無許可の売買についても、医薬品を許可なく個人間で売買・転売することは薬機法に違反する行為だと指摘。適切に指導・管理されていない医薬品の使用は安全性や品質が確保されておらず、本来の効果が見込めないだけでなく「深刻な健康被害が発生するリスクがあります」と警告しました。
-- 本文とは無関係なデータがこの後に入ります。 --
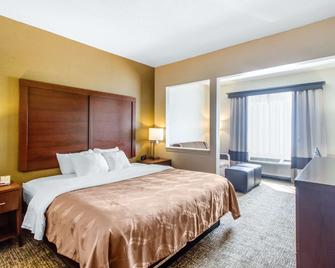Quality Suites - Corbin - Bedroom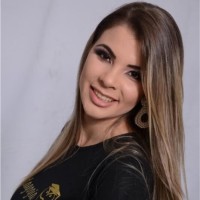 Larissa Campagnaro Email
日本イーライリリーはこれらの不適切な購入・使用を容認できないとし、関連当局や関連学会、警察等と緊密に連携しながら、情報共有や注意喚起、適正使用推進のための情報提供活動を行っていると説明しています。
肥満症治療には承認薬の使用を呼びかけ
同社の公式サイトによると、マンジャロと同じ有効成分チルゼパチドを用いた薬剤としては、肥満症治療薬「ゼップバウンド」が国内で承認されています。ただしその対象は、高血圧・脂質異常症・2型糖尿病のいずれかを有し、食事療法や運動療法を行っても十分な効果が得られない患者のうち、BMIが27以上で2つ以上の肥満に関連する健康障害を有する場合か、BMIが35以上の場合に限られており、医学的な減量が必要な「肥満症」と単なる肥満とは異なることも明記されています。
声明の最後で同社は、肥満症の治療においては、肥満症治療薬として承認された薬剤を医師の管理・指導のもとで使用するよう呼びかけました。